The case on the part of the general owners presents two sides: 1st, that of the rule by which gross damages are to be assessed; 2d, that of the apportionment.

As to the first, we think it clear that the rule must be precisely the same as if they were the only party interested in the damages. The statute, § 55, distinctly requires it to be so; and we do not see that any essential principle of right is violated thereby. The situation of the estate and the manner of its occupation are doubtless to be taken into consideration in estimating the injury caused by disturbing that occupation. But between the public and the landowner it is but one estate. The public right is exercised upon the land itself, without regard to subdivisions of interest by which the subject is affected through the various contracts of individual owners. The public cannot be expected to forego its right to take property for public uses because the exercise of that right will defeat private contracts; nor is it reasonable that losses arising from the failure of such contracts, which otherwise might furnish grounds of damage between the individual parties, should measure the compensation to be rendered for the property so taken. Such a rule would seriously impair the public right. A fair compensation for the property taken and injury done, ascertained by general rules, is a substitute to the owners for that of which they are deprived. That is the whole of the transaction with which the public is concerned.

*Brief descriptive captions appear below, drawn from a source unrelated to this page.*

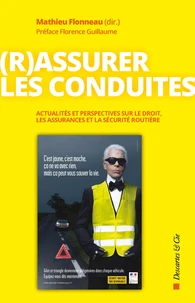 (R)assurer les conduites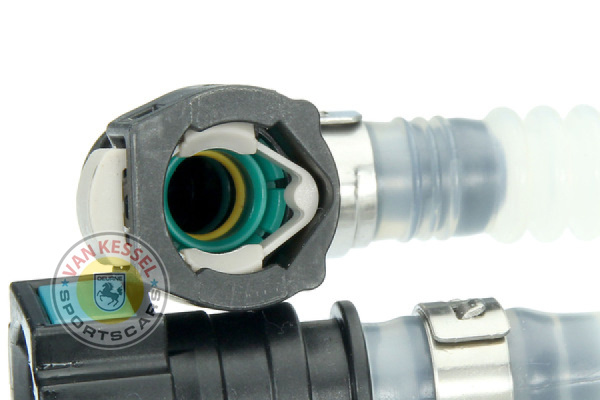 99662013200 - Benzinepomp 986 en 996 vanaf 2001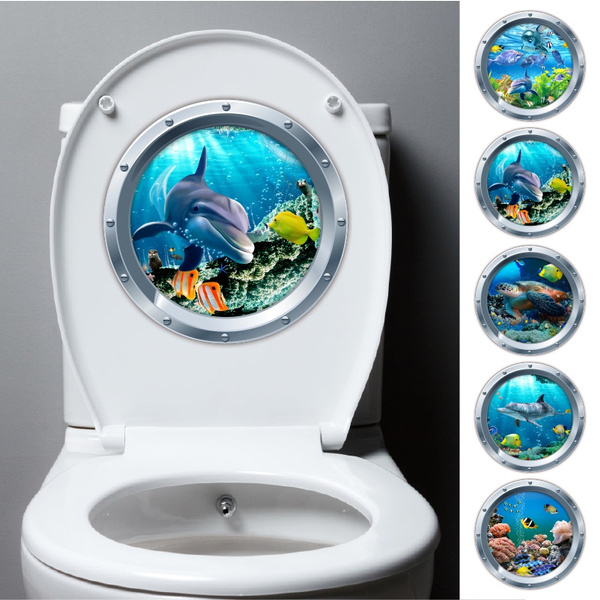 ToonRoo1's tweet photo. Poor Dolphin 🤥💩🤢🤮 https://t.co/kCu7ex6UqO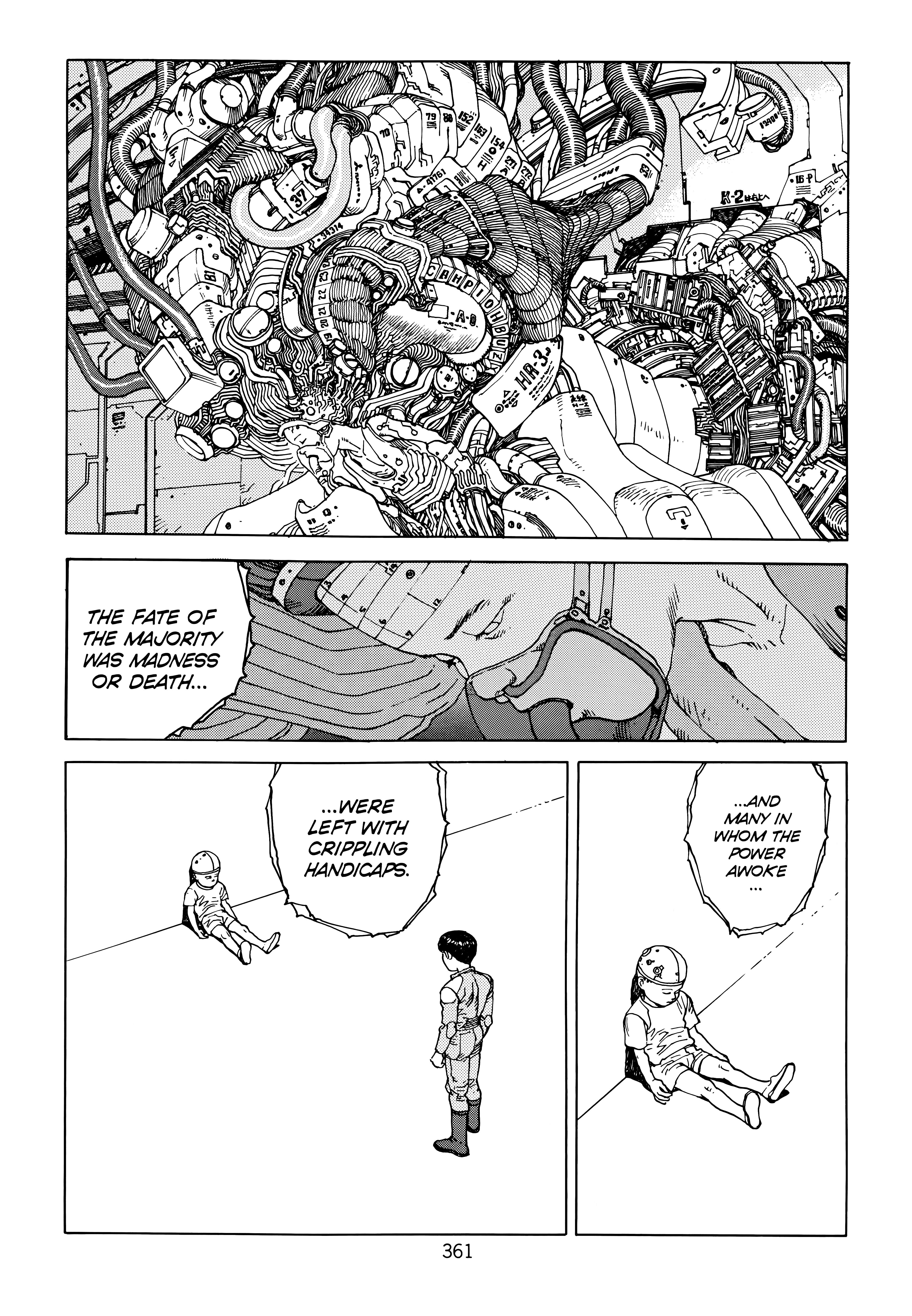 Page 354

The apportionment is merely a setting out to the several owners of partial interests of their corresponding rights in the fund which has been substituted for the property taken.

The jury, by direction of the court, have returned a certain sum as damages, including with the fair market value of the estate taken "the injury which was caused by such taking to that portion of the estate which was left after the taking;" and also another sum for the value of the land taken and of the part of the building which was upon it, but not including the injury to the remaining part of the buildings or land.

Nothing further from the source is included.